The end goal is for this engine to be build to a good fast road spec for the car.  I have aspirations of light trackday work, but really I want something with a bit of reliability so eeking every last bit of power isn't what I'm after.  With that said I'm not looking to reach the end goal just yet.  I don't have the time or money to do it justice. 

A low expense rebuild (ideally without too much abortive cost) that allows me to run the engine for a year or so to confirm it's not a lemon is the target. 

This is a good clarification. In which case, it wouldn't be totally daft to leave the bottom end as-is, and also leave the head undisturbed. New main and BE bearings might be sensible but from your photo I wouldn't say it was chronic. Big ends might be a different story though. What's the crankshaft end-float like? 

Your main bearings are standard size Vandervell which does bode well.

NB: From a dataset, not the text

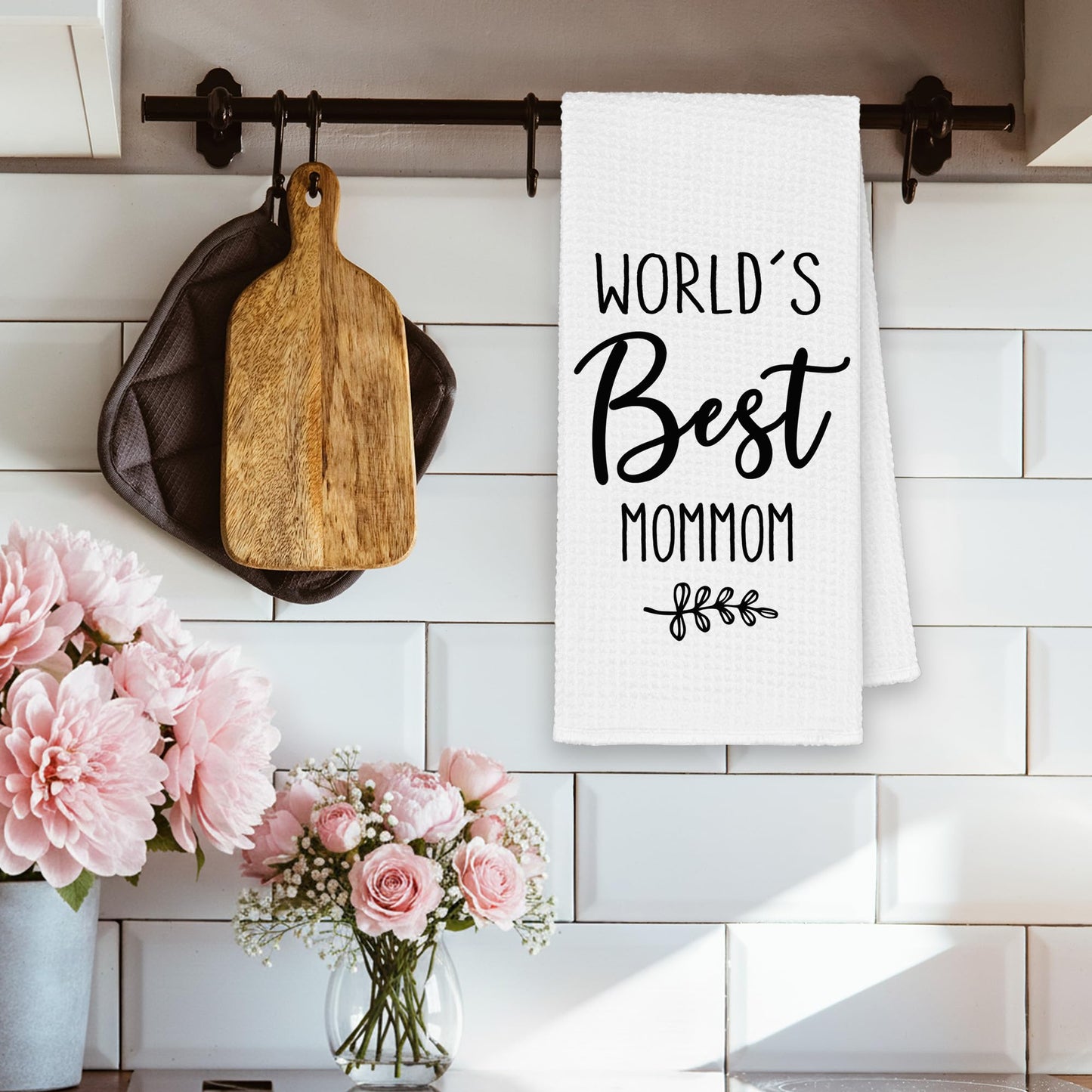 World's Best Mommom Gifts Kitchen Towels, Christmas Bathroom Hand Towels Gifts for Grandma Birthday Mother's Day, Rustic Leaf Black and White Minimalist Tea Dish Towel Decor 16x24in
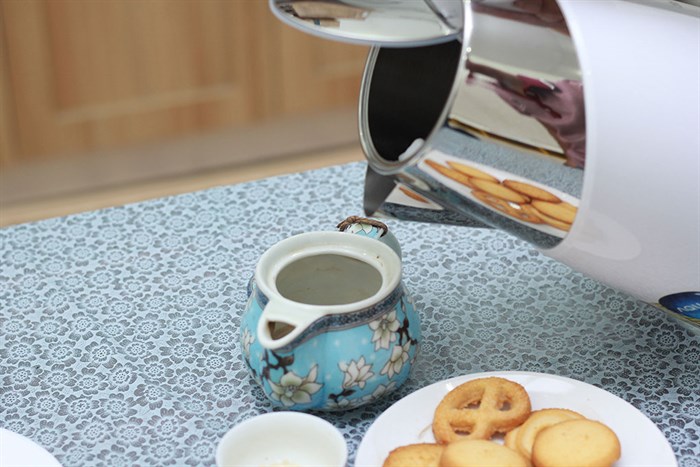 Bình đun siêu tốc Aqua 1.7 lít AJK-F615 (BL) Màu Trắng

No way of knowing but they could even be original - especially if the cylinder bores look in good condition. 

I don't think there's such a thing as "light trackday" driving but maybe others can resist temptation to thrash! In my limited experience it's perfectly possible to do a home rebuild and come up with a fun trackday engine which is also reliable. Balancing the rotating + reciprocating parts is worth the effort when you get to that stage. 

One other thing - duplex timing sets for small crank engines seem very thin on the ground. Maybe they're back in stock now but I couldn't find any last year or year before. So if you see one, snaffle it and save for later. 

Edit: JumpingFrog makes a good point about duplex vs simplex - my cars are both simplex. I would have gone duplex on the Spit if I could find one - new chains have a mixed reputation. But I haven't had any issues so far.